Thursday, October 19, 2006

The Curse of Data Mining

Most data miners are familiar with the Curse of Dimensionality - computation time is an exponential function of the number of the dimensions. The statistical version is that the amount of data needed to carry out a low variance inference is an exponential function of the dimension.

In data mining it often said that the 80% of a data miners time is spent on data preparation. I think the nature of data mining suggests that it will be very hard to break this barrier. In some sense it is the curse of data mining.

Wednesday, October 11, 2006

Closet Data Miners

There is a tendency, especially among some statisticians and econometricians, to be condescending about "data mining". This is well known, understandable and can be explained as ignorance. It is the job of data miners to educate them and bring them to the 21st century. Recently, I noticed that even people involved in "machine learning" tend to look down upon data mining.

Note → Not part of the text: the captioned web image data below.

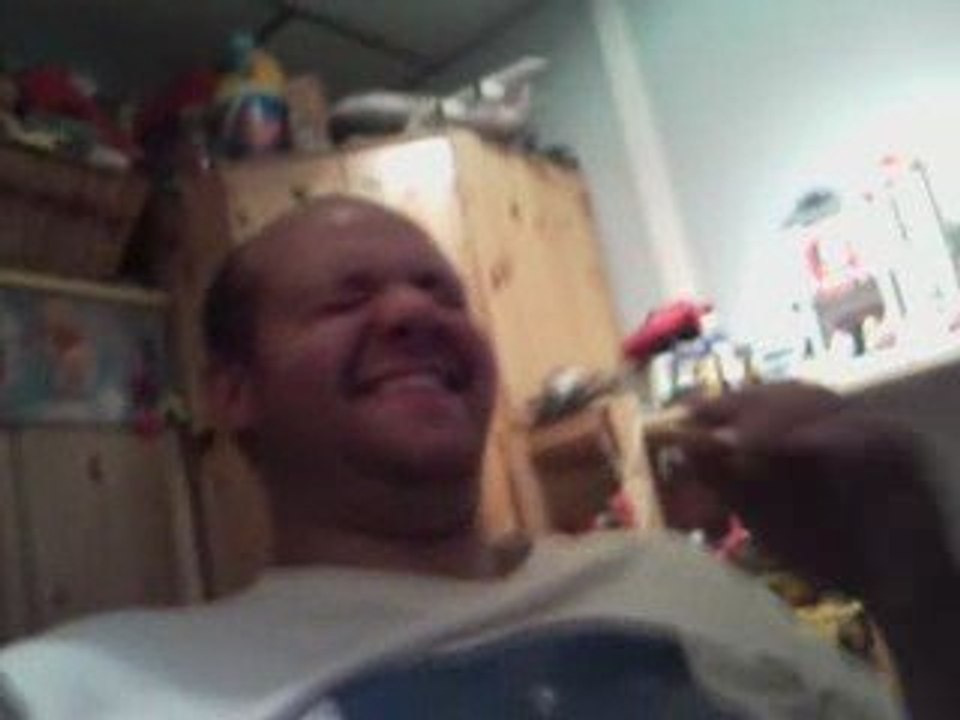 minoux qui fait dodo, avec des rototos au reveil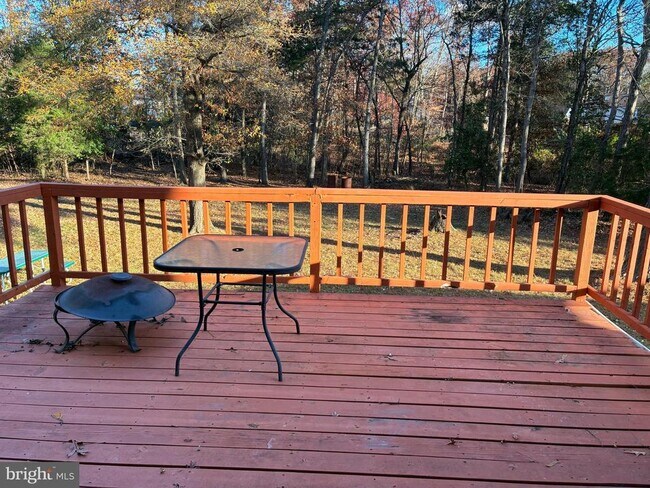 Building Photo - 11904 Aten St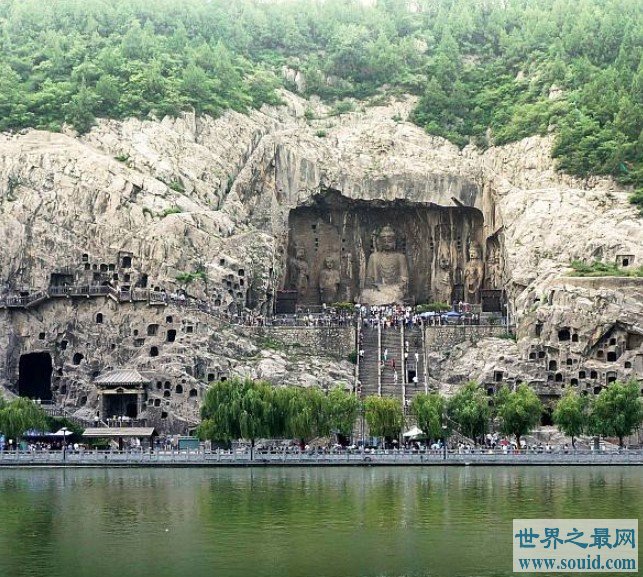 中国最大的石窟,现存石像有10万余座(www.gifqq.com)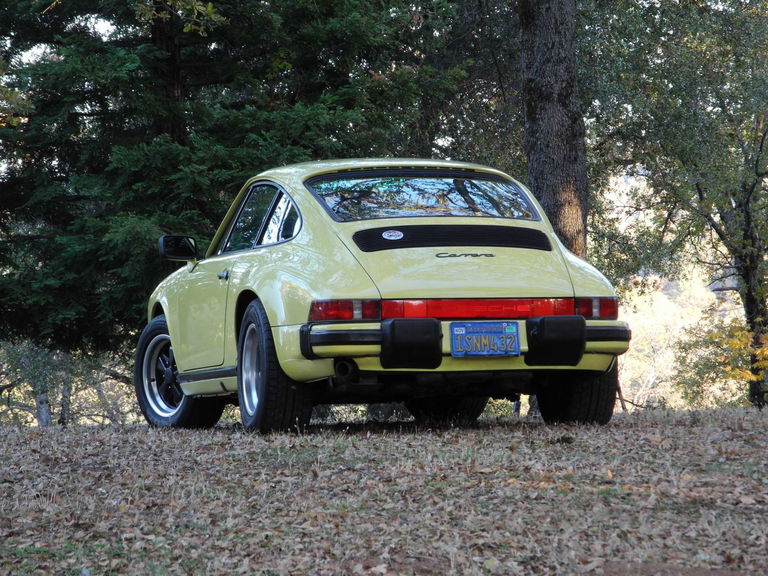 Porsche 911 Carrera 3.2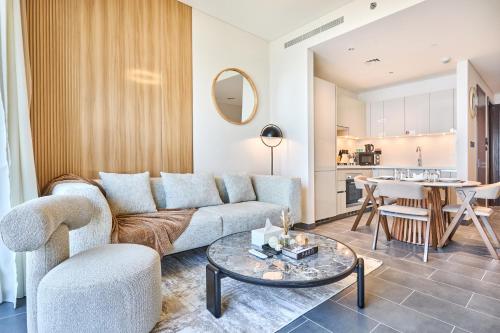 STAY BY LATINEM Luxury 1BR Plus Study Holiday Home CB 3714 Near Burj Khalifa, Dubaj (zdjęcie 3)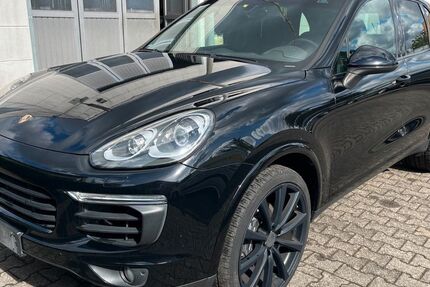 Porsche Cayenne 142.700 km 33.680 &euro; Offenbach am Main 63073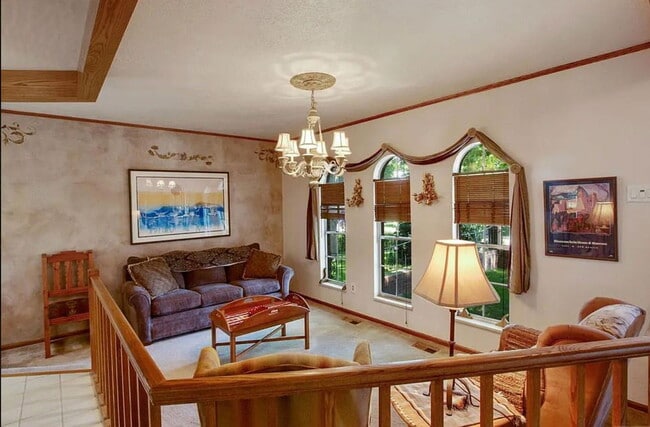 Building Photo - 2541 Taylor Ln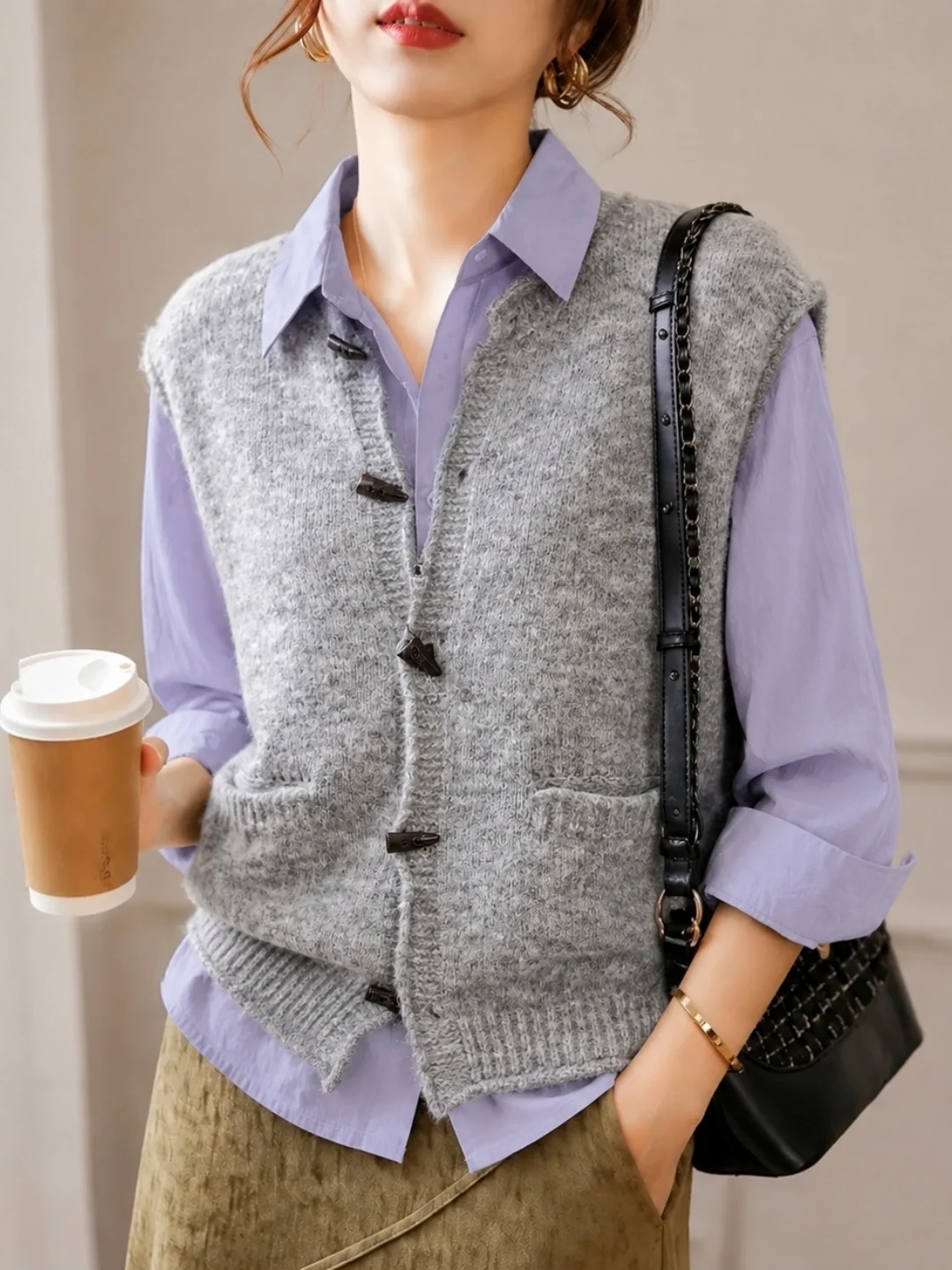 Fashionable Knitted Vest Women's Single Button Design Autumn New Arrival Commute Style Casual Loose Fit  Color Vest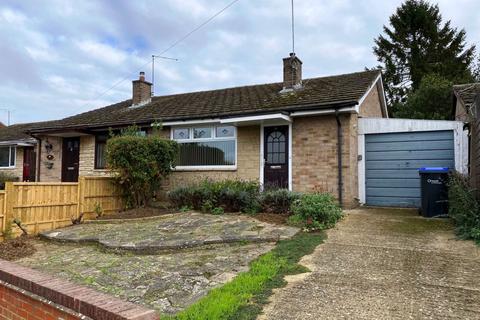 86 Greenview Drive, Northampton, NN2 7LQ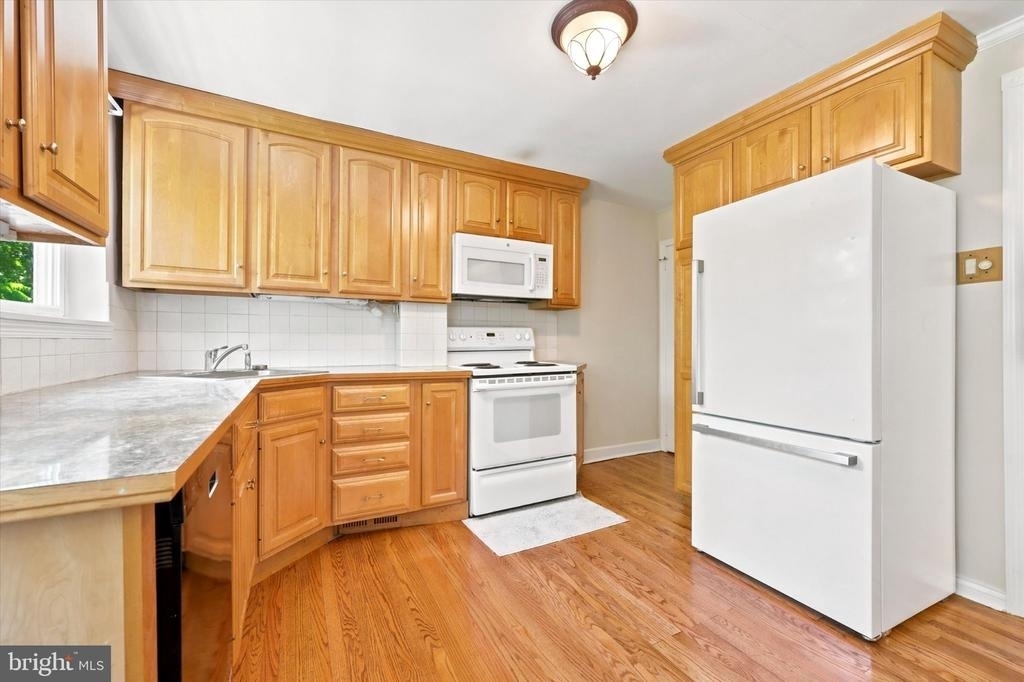 107 Plant Avenue - Photo 7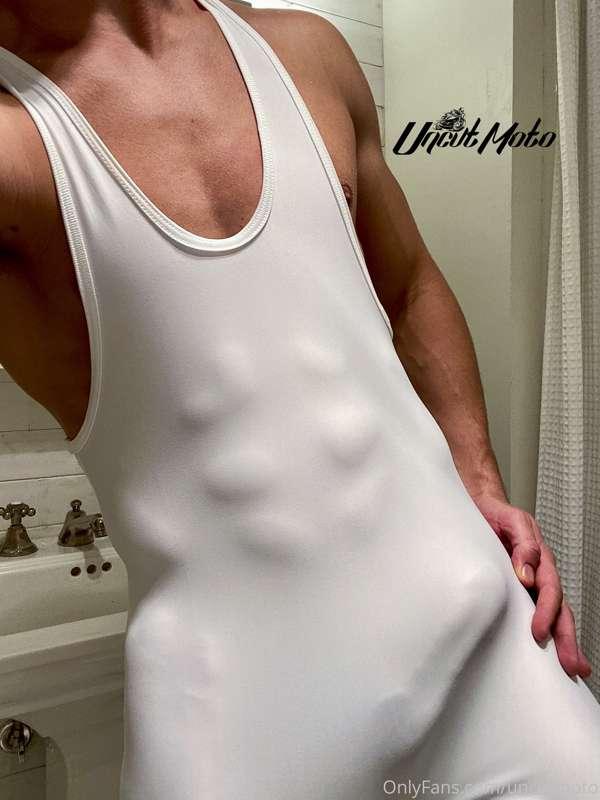 Y'all need to thank Grayson for sending this wrestling singl..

Now that is a surprise -especially given the history of failures associated with AI. Paradoxically, the leaders in different fields tend to be most open to data mining. Partly because they are not shy to admit that all scientific inquiry involves some sort of data mining activity. In some sense all scientists are closet data miners.


When one of our papers was rejected at IEEE ICDM 2006, one of the reviewers can down on "association rule mining" like a ton-of-bricks. He (or She) made the preposterous claim that association rule mining cannot be used for classification because it is based on frequency and we should look at other machine learning based algorithms! Hello, what about classification algorithms which use Bayes rule (for e.g., Naive Bayes). Isn't that based on frequency. Data mining is unashamedly an inductive task - and it has to be based on counting.


I like to think of association rule mining framework as an "algorithm design pattern". In spirit similar to dynamic programming - "subproblems of optimal problems must be optimal". In association rule mining it is the anti-monotonic condition which is the key insight - "subsets of interesting sets must be interesting". How we go about using this insight is now upto us. Who would have have thought that Maximum A Posteriori (MAP) estimate for a Markov Random Field could be derived using a max-flow min-cut algorithm. Similary, the most fundamental advance in 21st century statistics is probably Gibbs sampling, and that appeared in an IEEE PAMI paper on image segmentation. Looks like for some machine learners the world is bookended by PAC estimates and the kernel trick.